## Exercise goal
In the entries below, begin at the line that has "King Home WD-593.NATURAL" and stop after the line that has "Nordstrom Signature Blue"; output those lines exactly, leaving out pictures.

## Material for the task
====================

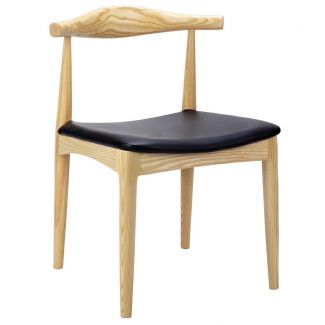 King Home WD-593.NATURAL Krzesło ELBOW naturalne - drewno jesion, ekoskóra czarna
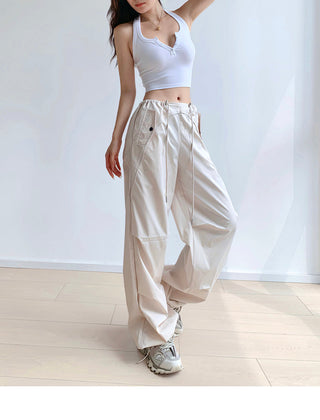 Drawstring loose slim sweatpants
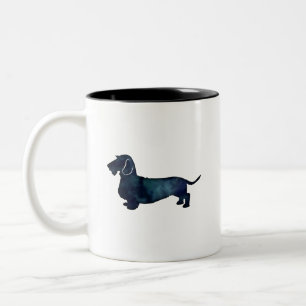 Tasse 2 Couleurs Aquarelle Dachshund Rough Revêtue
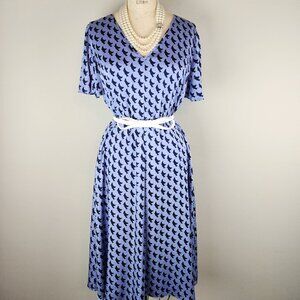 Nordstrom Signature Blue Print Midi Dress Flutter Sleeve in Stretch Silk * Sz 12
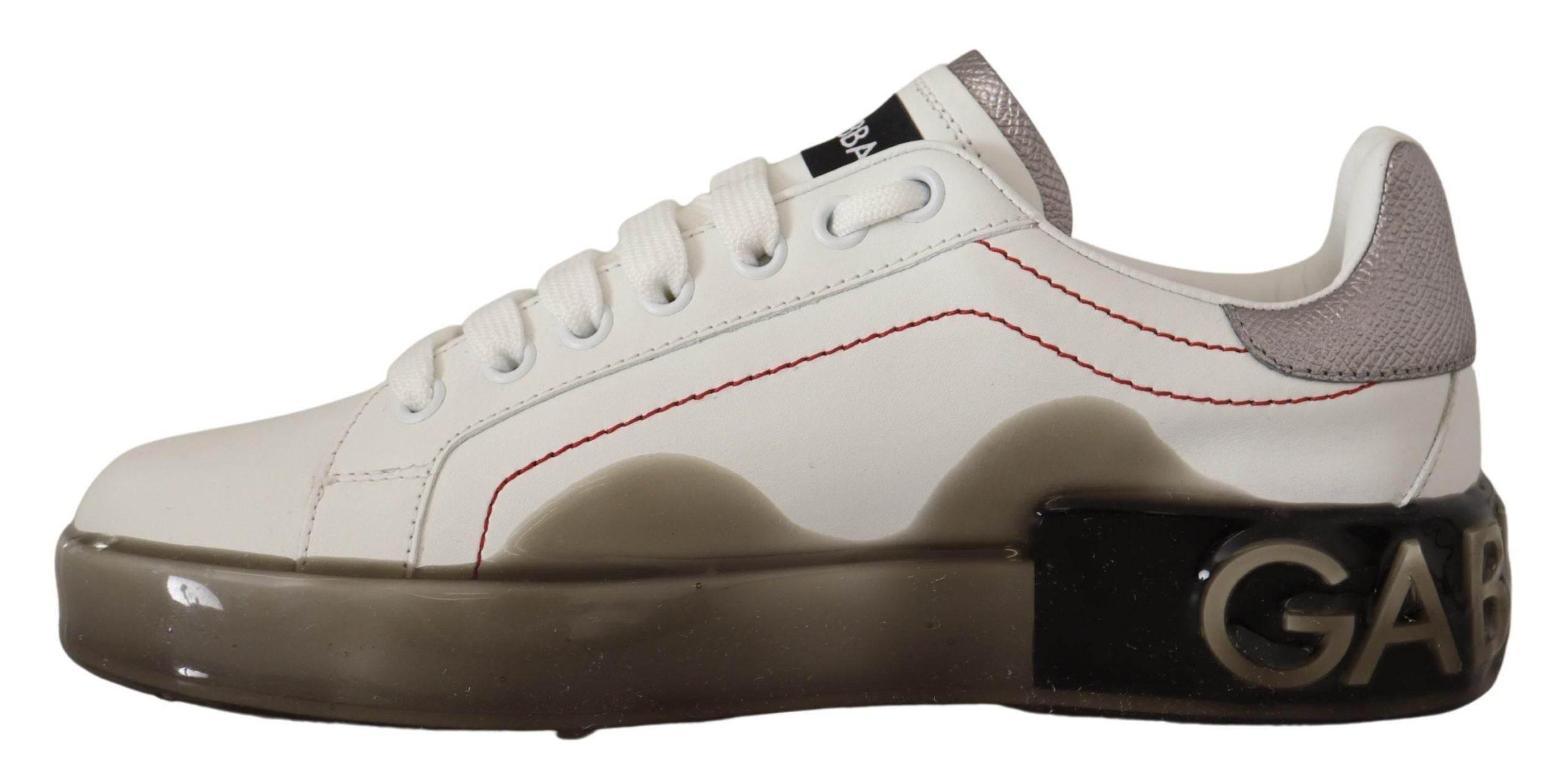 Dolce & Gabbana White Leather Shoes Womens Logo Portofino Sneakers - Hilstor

====================

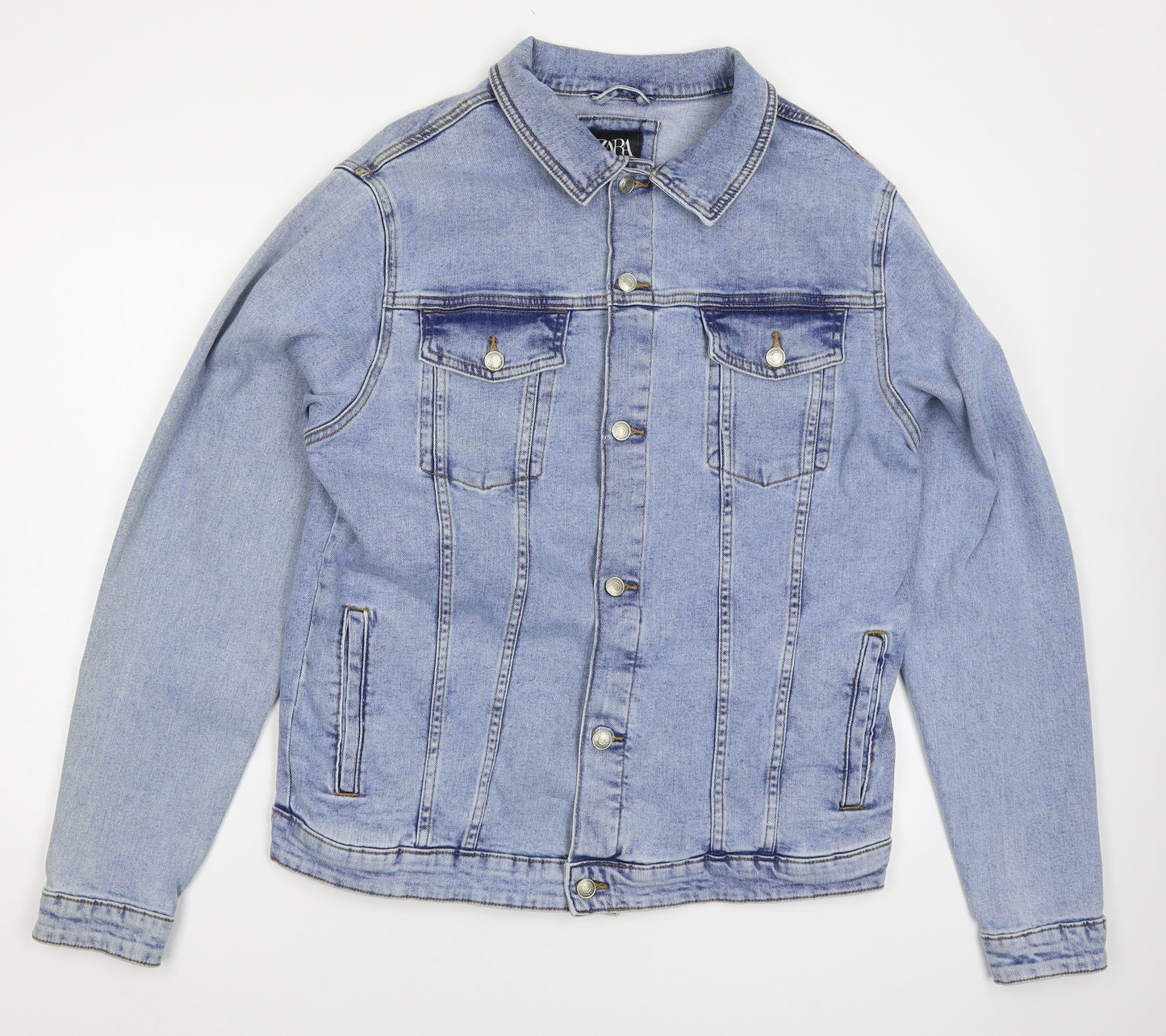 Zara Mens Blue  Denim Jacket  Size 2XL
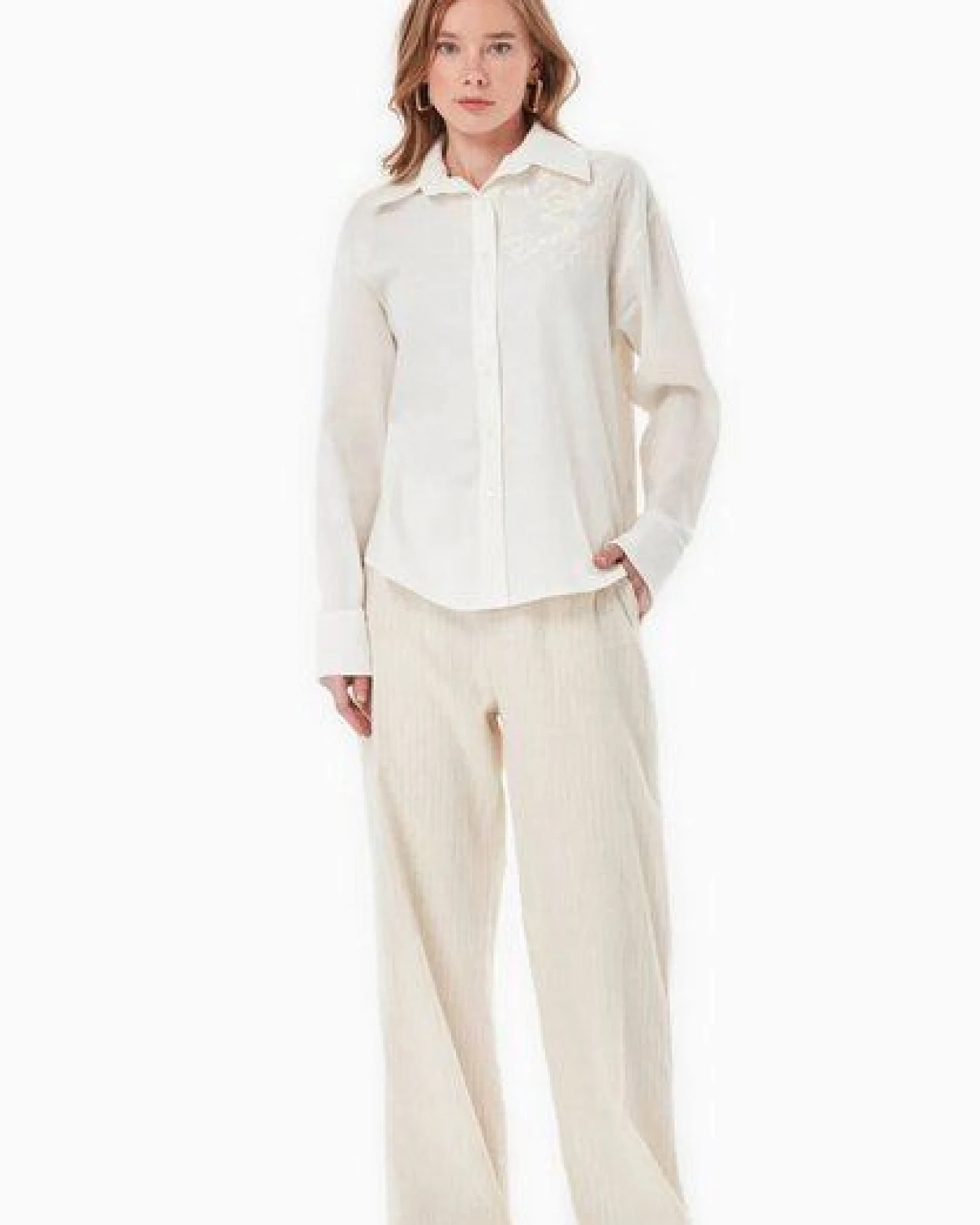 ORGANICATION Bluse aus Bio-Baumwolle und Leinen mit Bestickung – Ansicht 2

====================

## Written answer
 King Home WD-593.NATURAL Krzesło ELBOW naturalne - drewno jesion, ekoskóra czarna
 Drawstring loose slim sweatpants
 Tasse 2 Couleurs Aquarelle Dachshund Rough Revêtue
 Nordstrom Signature Blue Print Midi Dress Flutter Sleeve in Stretch Silk * Sz 12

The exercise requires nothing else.